Only the pictures are dropped; the lines of the material that follow are returned exactly.

**** DATA FOR ANALYSIS

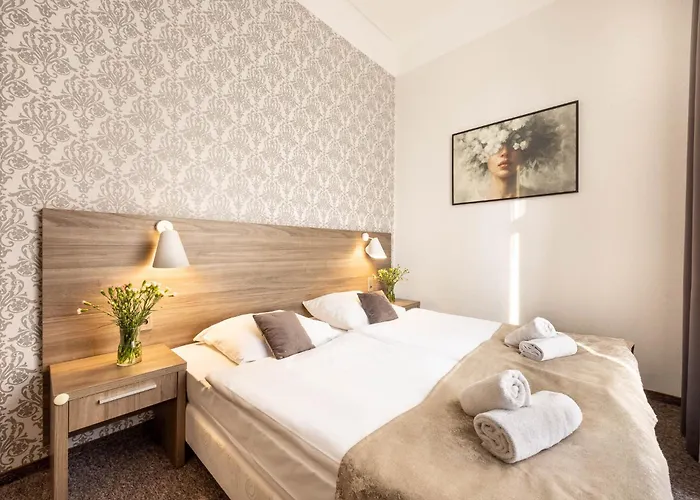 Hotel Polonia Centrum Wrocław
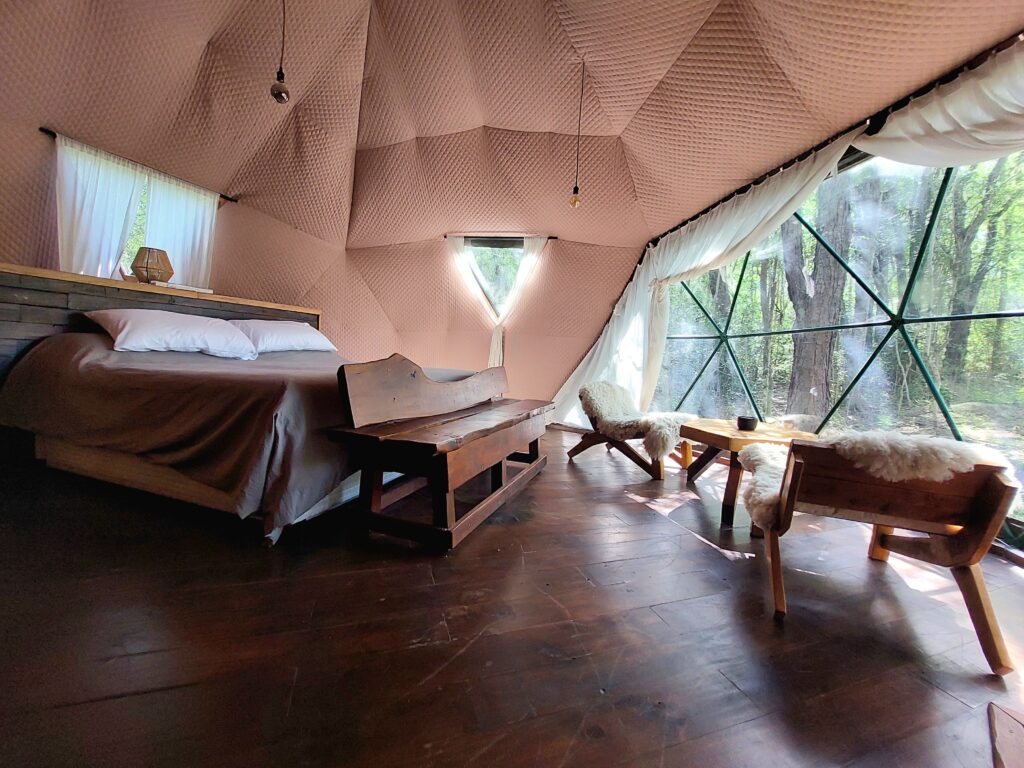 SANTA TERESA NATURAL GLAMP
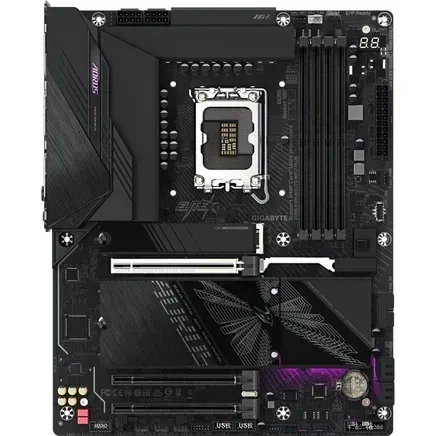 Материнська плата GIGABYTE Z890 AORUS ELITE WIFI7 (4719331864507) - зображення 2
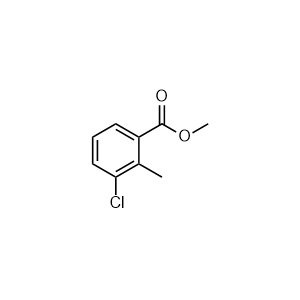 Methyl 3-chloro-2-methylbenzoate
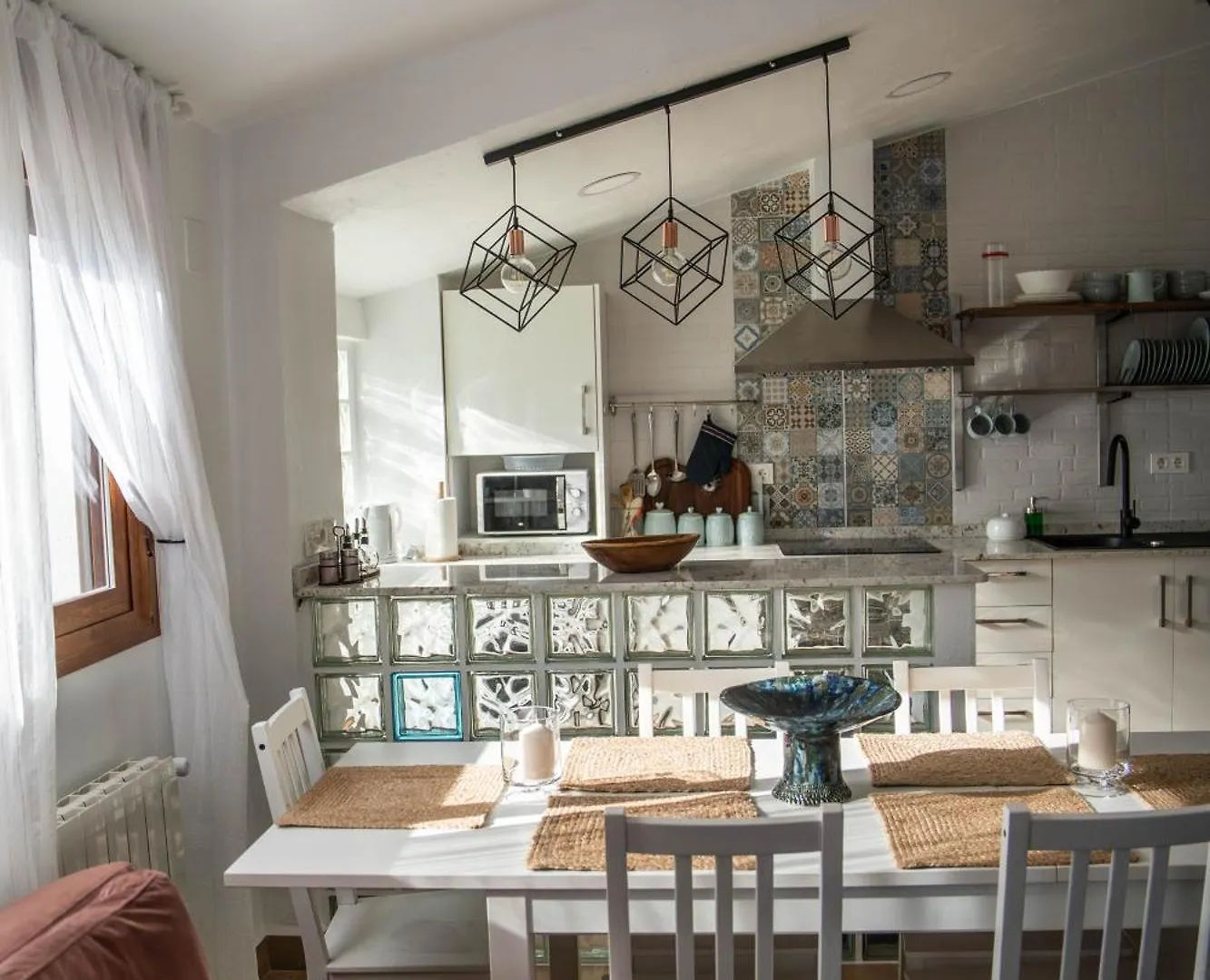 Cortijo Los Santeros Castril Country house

********

SOLUTION TO THIS EXERCISE:
 Hotel Polonia Centrum Wrocław
 SANTA TERESA NATURAL GLAMP
 Материнська плата GIGABYTE Z890 AORUS ELITE WIFI7 (4719331864507) - зображення 2
 Methyl 3-chloro-2-methylbenzoate
 Cortijo Los Santeros Castril Country house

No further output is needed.